38. In the case at hand, Corona’s betrayal of public trust and lack of
moral fitness to be a Chief Justice consist in, among others, his “partiality and
subservience in cases involving the Arroyo administration from the time of his
appointment as Supreme Court Justice and until his dubious appointment as a
midnight Chief Justice to the present.” The preservation of judicial independence
is one of the primary responsibilities of the Chief Justice of the Supreme Court. As
head of the Highest Court of the land, the last bastion of justice, he has the duty
to maintain the highest degree of independence and impartiality and to conduct
himself in such manner as to ensure this perception. The public trusted Corona to
do justice without fear or favor, with neutrality and impartiality, but he betrayed
this trust with his dogged devotion to GMA.

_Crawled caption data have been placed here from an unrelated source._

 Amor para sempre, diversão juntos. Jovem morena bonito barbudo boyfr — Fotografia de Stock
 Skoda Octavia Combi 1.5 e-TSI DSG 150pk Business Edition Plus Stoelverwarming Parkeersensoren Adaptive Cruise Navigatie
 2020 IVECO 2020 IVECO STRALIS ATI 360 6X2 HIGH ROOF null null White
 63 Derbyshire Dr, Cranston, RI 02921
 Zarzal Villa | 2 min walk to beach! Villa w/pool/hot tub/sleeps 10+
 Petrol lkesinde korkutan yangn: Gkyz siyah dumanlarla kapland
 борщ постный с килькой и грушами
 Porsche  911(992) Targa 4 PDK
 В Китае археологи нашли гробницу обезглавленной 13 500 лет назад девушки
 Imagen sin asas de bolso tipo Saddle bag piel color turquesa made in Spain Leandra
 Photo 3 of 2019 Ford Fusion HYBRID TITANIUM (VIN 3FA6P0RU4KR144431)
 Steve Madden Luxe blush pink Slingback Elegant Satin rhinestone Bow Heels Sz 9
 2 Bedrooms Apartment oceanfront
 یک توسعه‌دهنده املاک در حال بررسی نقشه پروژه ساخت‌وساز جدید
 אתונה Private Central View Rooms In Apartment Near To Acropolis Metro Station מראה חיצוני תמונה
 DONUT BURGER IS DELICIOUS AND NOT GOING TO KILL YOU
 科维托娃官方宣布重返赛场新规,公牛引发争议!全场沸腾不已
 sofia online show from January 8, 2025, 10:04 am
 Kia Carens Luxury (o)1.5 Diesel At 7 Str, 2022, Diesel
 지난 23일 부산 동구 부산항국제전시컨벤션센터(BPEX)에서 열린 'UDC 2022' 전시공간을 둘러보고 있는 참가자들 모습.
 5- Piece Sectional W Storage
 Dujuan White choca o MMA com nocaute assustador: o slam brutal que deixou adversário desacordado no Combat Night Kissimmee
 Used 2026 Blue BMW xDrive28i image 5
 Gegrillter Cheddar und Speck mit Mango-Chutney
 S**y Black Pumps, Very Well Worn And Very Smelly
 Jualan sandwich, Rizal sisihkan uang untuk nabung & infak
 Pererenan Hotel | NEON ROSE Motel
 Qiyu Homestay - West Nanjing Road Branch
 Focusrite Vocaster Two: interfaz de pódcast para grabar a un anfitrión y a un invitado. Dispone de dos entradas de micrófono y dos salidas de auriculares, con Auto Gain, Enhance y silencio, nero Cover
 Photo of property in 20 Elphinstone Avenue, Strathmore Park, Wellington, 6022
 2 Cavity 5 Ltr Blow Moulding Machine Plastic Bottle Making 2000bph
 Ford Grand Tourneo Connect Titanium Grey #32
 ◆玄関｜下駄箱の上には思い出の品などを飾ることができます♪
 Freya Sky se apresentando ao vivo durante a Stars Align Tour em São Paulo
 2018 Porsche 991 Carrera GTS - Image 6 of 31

39. Corona manifested his partiality in accepting the midnight
appointment as Chief Justice from GMA, despite the constitutional prohibition on
midnight appointments and his close association with GMA (as the former Chief
of Staff and Spokesman of then Vice President GMA, and then as Presidential
Chief of Staff, Presidential Spokesman, and Acting Executive Secretary of then
President GMA). He justifies the legality of his midnight appointment by citing39
the Supreme Court’s ruling in De Castro v. Judicial and Bar Council.40 In the said
case, the Court (by strained reasoning, according to many legal experts) ruled that
the constitutional prohibition on midnight appointment is not applicable to the
appointment of the Chief Justice. However, while the De Castro decision may
have rendered his appointment “legal” (in the narrow sense of the word), the
39 See Answer, pages 22 and 23.40 G.R. Nos. 191002, 191032, and 191057, A.M. No. 10-2-5-SC, G.R. Nos. 191149, 191342, and 191420; 17 March 2010.
17
people saw it as immoral, felt betrayed, and were outraged. Corona could have
placed the interests of the country and the Judiciary above his personal interests
or the interests of his patroness, GMA. Instead, Corona chose to do an act which
he knew was legally questionable, impinged on the appointing power of the
incoming administration, and created the impression of giving GMA a strong ally
in the Supreme Court.
40. Corona’s partiality and bias in favor of GMA are further confirmed in
his track record of promoting and protecting her interests. Even as an Associate
Justice, in his concurrences and dissents, Corona predictably voted in a manner
consistent with GMA’s interests. He dissented in the following decisions which
ruled against GMA:
dismissing petitions to disqualify GMA's rival, the late Fernando Poe,
Jr., as presidential candidate,41
dismissing the petition of Atty. Raul Lambino, GMA's lawyer, for
COMELEC to allow a people's initiative to amend the Constitution
and ratify GMA's proposal (to convert the form of government from
presidential to parliamentary),42
denying the contention that wiretapped conversations between GMA
and COMELEC Commissioner Virgilio Garcillano during the 2004
elections cannot be aired,43 and
holding GMA's Presidential Proclamation No. 1017, which declared
the country under a state of emergency during a coup attempt, as
partly unconstitutional (Corona voted to dismiss all the petitions,
arguing that it was constitutionally permissible for GMA to exercise
takeover powers even without Congressional approval in exception
instances).44
41 Tecson v. COMELEC, 424 SCRA 277, 3 March 2004.42 Lambino v. COMELEC, G.R. No. 174153, 25 October 2006.43 Chavez v. Gonzalez, G.R. No. 168338, 15 February 2008.44 David v. Arroyo, G.R. No. 171396, 3 May 2006.
18
Corona voted in favor of the following decisions which protected and
promoted GMA and her interests:
upholding the validity of GMA's Executive Order No. 464, which
allowed executive department heads to invoke “executive privilege”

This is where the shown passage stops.